I was responding to this post of yours, which was a response to Rob.
"It also shows the level of play that this team is capable of, and the level that they should be playing at. For the most part, two-thirds of the way through the season, and this team has greatly underperformed their actual level."
"It" seems to refer to the second half of the Virginia game; it was the "it" in the post with which you were agreeing.
I say that the second half of the Virginia game tells us very little on its own about the team's defensive ability. Let's go back to the exam analogy. It is usually the case that students understand some topics better than others; for instance, I would have students who understood ordinary fiduciary duties very well but compensation-related issues somewhat less well. All my exams would feature ordinary fiduciary duties (that's the core of the course); sometimes I would include compensation but not always. The student who doesn't really get the compensation issues is not going to be the best corporate law student in the class; but if compensation isn't on the exam, you wouldn't tell from the exam score. If UVa was not running the actions that give us trouble, or not running them well, you'd see a good performance against them and it would tell you little about the overall ability.

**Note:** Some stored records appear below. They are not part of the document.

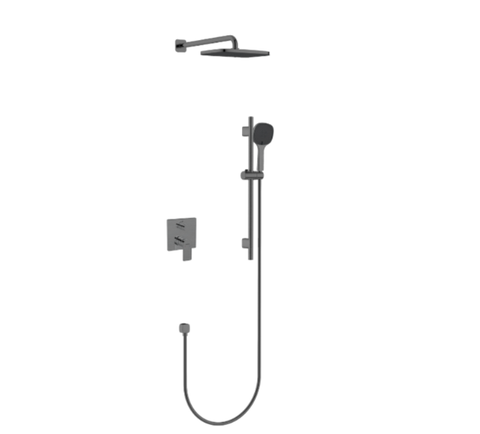 Sen tắm âm tường tự động tẩy cặn 37311-636/HBS-1 mầu xám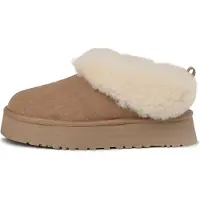 Ugg Boots 'Tazzelle' écru / marron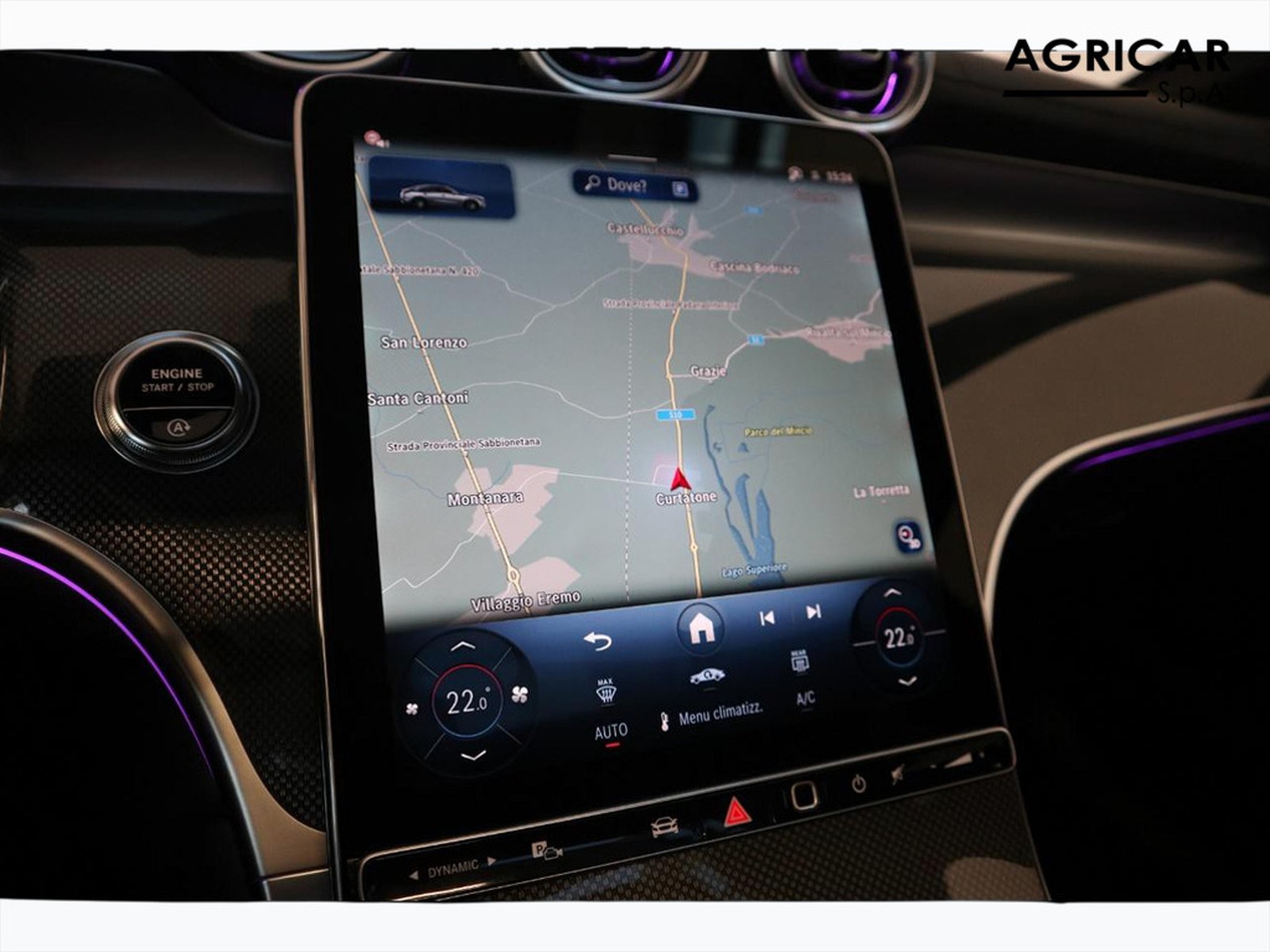 10 - Mercedes GLC coupe 220 d amg line premium 4matic 9g-tronic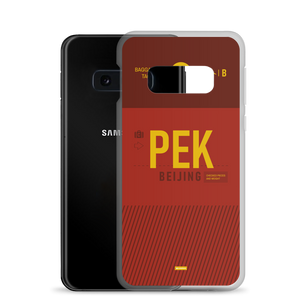 PEK - Beijing airport code Samsung phone case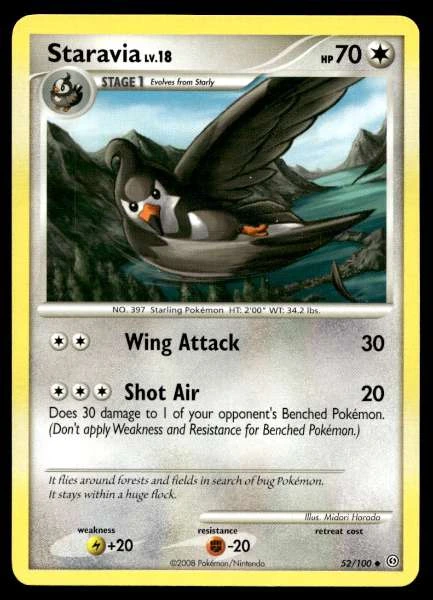 Staravia - Stormfront #52/100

To complete the analogy: If my exam was a complete sampling of course topics, then it would be more of an exhaustive measure. But it wasn't, because it couldn't be. Same is true with a single half of basketball. It was one half, of one game, against one team, presumably playing at a certain quality level. That doesn't tell you much about overall performance. It *might* tell you that the first half defense was below ability, but even that is iffy because there's another variable in the equation: the quality of the offensive execution.
In general, I think it is very difficult to distinguish offensive execution from defensive execution. The best way to do so is look at a large sample of games, not just minutes played. Even that isn't necessarily going to tell you how a team performed on a given day, but whatever. Which is why I think the reliance on a much larger sample size to consider the team's ability is correct, and looking at a single game as evidence of the "ability" is unfair.